Deep reinforcement learning (deep RL) has achieved tremendous success on various domains through a combination of algorithmic design and careful selection of hyper-parameters. Algorithmic improvements are often the result of iterative enhancements built upon prior approaches, while hyper-parameter choices are typically inherited from previous methods or fine-tuned specifically for the proposed technique. Despite their crucial impact on performance, hyper-parameter choices are frequently overshadowed by algorithmic advancements. This paper conducts an extensive empirical study focusing on the reliability of hyper-parameter selection for value-based deep reinforcement learning agents, including the introduction of a new score to quantify the consistency and reliability of various hyper-parameters. Our findings not only help establish which hyper-parameters are most critical to tune, but also help clarify which tunings remain consistent across different training regimes.

Figures (7)

• Figure 1: Tuning hyper-parameter Consistency (THC Score, see \ref{['sec:thc_metric']}) evaluated across agents (left panel), data regimes (center panel), and environments (right panel). Different colors indicate different data regimes (left panel) and different agents (center and right panels); grey bars/titles indicate hyper-parameters which are not comparable across the considered transfer settings.
• Figure 2: Measured IQM of human-normalized scores on the $26$$100$k benchmark games, with varying Adam's $\epsilon$ for DER. We evaluate performance at 100k agent steps (or 400k environment frames), and at $40$ million environment frames. The ordering of the best hyper-parameters switches between the two data regimes.
• Figure 3: Measured returns with varying batch size for DrQ($\epsilon$) (top) and DER (bottom) at $40$M environment frames for four representative games, demonstrating that the ranking of the hyper-parameter values can drastically change from one game to the next. All results averaged over $5$ seeds, shaded areas represent $95\%$ confidence intervals.

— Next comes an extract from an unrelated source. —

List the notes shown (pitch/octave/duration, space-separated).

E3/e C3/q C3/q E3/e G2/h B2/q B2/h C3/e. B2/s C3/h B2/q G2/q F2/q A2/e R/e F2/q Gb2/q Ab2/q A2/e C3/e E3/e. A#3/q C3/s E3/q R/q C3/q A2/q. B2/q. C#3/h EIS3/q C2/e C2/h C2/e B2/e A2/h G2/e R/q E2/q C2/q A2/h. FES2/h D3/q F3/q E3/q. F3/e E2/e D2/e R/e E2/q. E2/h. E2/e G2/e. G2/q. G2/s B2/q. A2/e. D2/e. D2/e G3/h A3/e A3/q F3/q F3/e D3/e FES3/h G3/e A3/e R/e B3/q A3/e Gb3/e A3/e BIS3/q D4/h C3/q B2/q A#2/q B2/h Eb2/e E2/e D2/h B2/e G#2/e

• Figure 4: Measured returns with various hyper-parameter variations on Asterix for DrQ($\epsilon$) (top) and DER (bottom) at 40M environment frames. Displaying eight representative hyper-parameters, enabling per-game analyses for hyper-parameter selection.
• Figure 5: Measured IQM of human-normalized scores on the 26 100k benchmark games, with varying Weight Decay for DER. We evaluate performance at 100k agent steps (or 400k environment frames), and at 40 million environment frames. At 40 million frames 0.1 is on average optimal, with 0.5 being at second place and the standard value of 0.0 being in fourth.